**Aim of the exercise**
Your answer should consist only of the lines below from the one with "consola ps5 sony" through the one with "Bubba Blade 9''", copied exactly.

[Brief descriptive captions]
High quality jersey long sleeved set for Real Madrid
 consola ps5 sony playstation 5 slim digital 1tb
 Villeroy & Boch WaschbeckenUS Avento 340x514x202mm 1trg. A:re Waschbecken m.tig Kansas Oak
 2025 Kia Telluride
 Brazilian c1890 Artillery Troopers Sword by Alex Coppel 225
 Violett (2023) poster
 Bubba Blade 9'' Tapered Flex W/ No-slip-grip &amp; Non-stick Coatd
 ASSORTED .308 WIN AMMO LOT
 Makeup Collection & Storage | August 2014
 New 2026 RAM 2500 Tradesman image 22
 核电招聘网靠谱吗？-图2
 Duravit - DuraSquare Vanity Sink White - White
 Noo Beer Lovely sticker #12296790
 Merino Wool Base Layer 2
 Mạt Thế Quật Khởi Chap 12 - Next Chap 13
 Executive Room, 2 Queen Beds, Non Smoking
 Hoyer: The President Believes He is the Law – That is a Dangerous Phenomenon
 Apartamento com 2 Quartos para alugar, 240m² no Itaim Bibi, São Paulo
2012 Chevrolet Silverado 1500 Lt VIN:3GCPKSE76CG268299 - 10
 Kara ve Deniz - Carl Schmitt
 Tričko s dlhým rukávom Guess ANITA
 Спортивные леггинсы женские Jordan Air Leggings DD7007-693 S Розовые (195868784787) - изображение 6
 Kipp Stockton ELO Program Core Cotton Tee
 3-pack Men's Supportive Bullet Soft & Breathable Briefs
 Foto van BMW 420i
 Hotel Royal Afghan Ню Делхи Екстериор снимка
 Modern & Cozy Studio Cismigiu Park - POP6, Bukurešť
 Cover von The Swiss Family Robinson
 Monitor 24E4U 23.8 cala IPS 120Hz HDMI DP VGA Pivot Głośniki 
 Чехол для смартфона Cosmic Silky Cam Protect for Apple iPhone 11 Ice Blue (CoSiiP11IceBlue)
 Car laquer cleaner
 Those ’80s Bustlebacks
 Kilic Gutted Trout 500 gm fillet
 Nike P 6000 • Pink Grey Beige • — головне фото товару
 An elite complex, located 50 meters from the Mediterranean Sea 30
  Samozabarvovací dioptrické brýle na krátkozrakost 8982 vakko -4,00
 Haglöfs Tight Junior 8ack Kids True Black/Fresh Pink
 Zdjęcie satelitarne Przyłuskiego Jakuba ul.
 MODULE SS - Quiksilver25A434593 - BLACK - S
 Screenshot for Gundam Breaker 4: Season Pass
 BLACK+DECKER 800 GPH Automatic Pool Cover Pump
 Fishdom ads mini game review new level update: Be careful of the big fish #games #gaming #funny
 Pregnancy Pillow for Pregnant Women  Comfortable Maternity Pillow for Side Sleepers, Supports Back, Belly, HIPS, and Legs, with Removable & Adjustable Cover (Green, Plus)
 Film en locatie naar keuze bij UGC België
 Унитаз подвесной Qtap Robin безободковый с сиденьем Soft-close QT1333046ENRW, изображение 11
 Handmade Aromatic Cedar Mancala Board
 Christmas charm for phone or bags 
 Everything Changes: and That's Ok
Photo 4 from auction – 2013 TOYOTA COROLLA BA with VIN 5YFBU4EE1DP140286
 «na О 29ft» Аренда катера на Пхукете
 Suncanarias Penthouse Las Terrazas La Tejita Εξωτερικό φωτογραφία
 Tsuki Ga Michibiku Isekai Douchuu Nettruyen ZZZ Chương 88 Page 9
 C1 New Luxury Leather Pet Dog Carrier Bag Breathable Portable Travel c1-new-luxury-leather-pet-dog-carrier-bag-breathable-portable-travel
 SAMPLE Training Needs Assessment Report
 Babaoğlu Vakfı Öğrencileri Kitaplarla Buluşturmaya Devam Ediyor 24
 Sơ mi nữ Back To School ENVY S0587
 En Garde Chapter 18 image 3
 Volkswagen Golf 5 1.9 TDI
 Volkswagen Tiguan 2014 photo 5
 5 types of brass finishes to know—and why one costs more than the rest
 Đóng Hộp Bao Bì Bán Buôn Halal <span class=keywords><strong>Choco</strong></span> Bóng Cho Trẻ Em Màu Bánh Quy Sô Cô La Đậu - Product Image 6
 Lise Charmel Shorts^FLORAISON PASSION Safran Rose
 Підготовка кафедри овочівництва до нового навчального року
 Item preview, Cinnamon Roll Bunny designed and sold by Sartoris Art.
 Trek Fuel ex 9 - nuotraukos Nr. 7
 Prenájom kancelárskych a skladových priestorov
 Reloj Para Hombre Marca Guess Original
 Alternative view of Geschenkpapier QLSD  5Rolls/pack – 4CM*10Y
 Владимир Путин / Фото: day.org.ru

**Your response**
 consola ps5 sony playstation 5 slim digital 1tb
 Villeroy & Boch WaschbeckenUS Avento 340x514x202mm 1trg. A:re Waschbecken m.tig Kansas Oak
 2025 Kia Telluride
 Brazilian c1890 Artillery Troopers Sword by Alex Coppel 225
 Violett (2023) poster
 Bubba Blade 9'' Tapered Flex W/ No-slip-grip &amp; Non-stick Coatd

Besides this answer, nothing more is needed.